Given records:
# # # # # # #

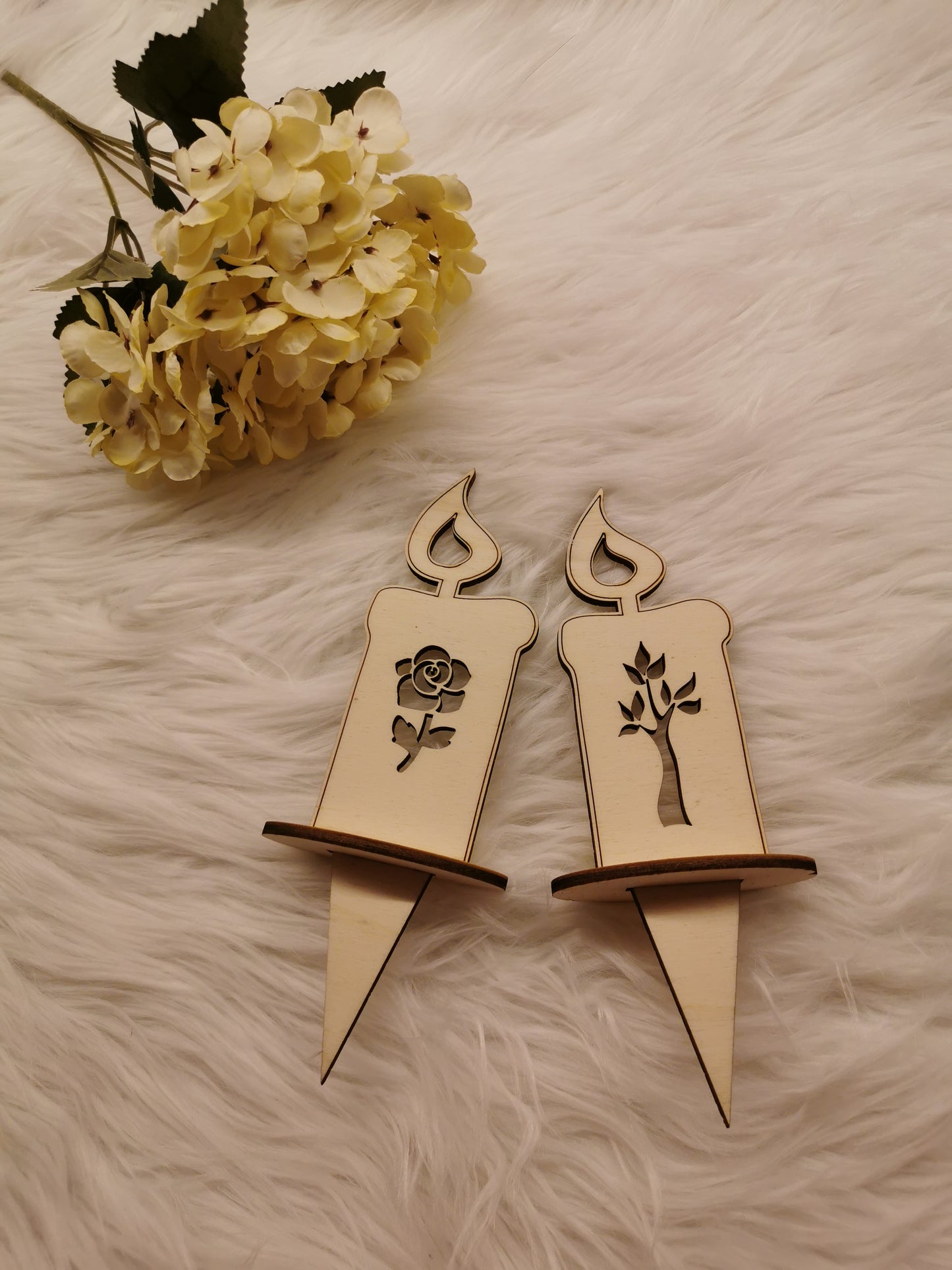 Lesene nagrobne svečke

# # # # # # #

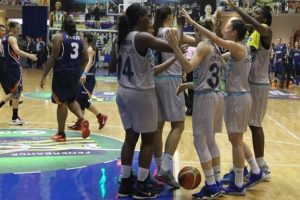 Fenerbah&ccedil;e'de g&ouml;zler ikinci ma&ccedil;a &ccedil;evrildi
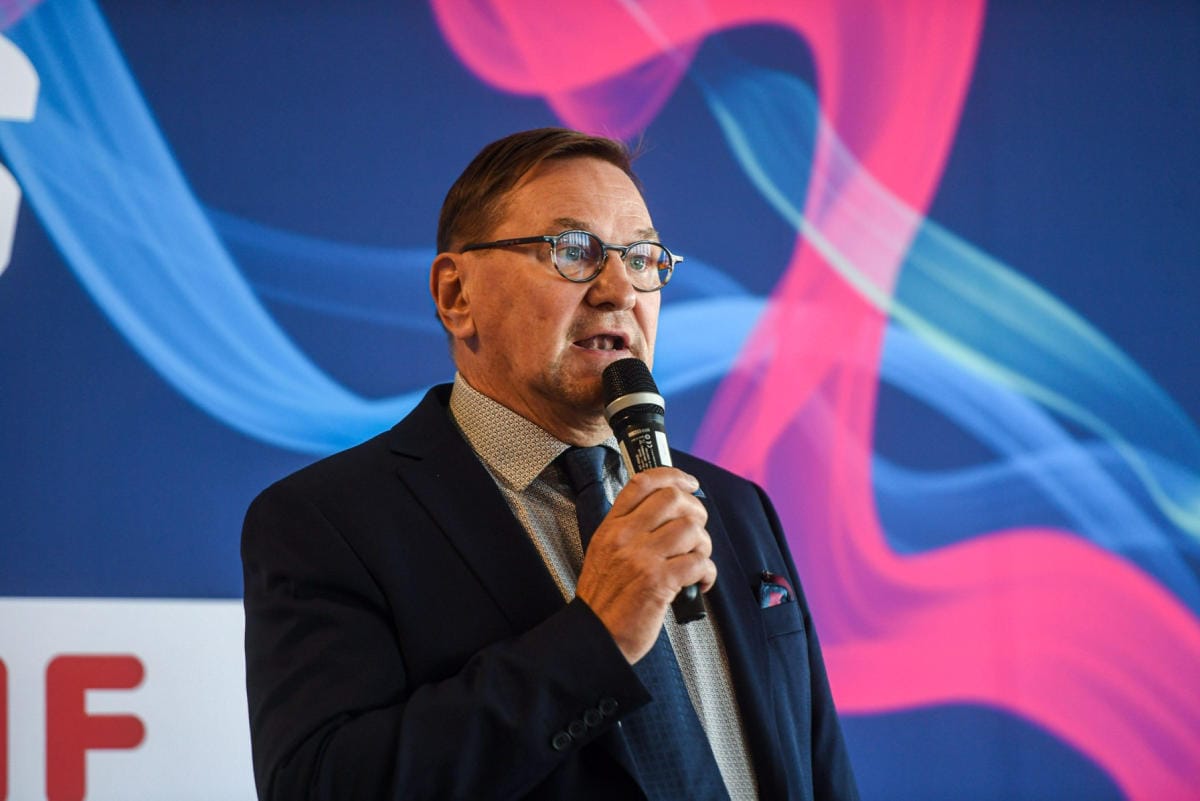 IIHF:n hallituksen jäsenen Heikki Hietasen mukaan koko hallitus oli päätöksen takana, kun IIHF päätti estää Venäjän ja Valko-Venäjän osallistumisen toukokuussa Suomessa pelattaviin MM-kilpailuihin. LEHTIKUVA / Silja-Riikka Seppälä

# # # # # # #

About this task: Among the entries above, take the lines from the one with "Fenerbah&ccedil;e'de g&ouml;zler ikinci" through the one with "IIHF:n hallituksen jäsenen" and retype them exactly, leaving out the pictures.

Response to this task:
 Fenerbah&ccedil;e'de g&ouml;zler ikinci ma&ccedil;a &ccedil;evrildi
 IIHF:n hallituksen jäsenen Heikki Hietasen mukaan koko hallitus oli päätöksen takana, kun IIHF päätti estää Venäjän ja Valko-Venäjän osallistumisen toukokuussa Suomessa pelattaviin MM-kilpailuihin. LEHTIKUVA / Silja-Riikka Seppälä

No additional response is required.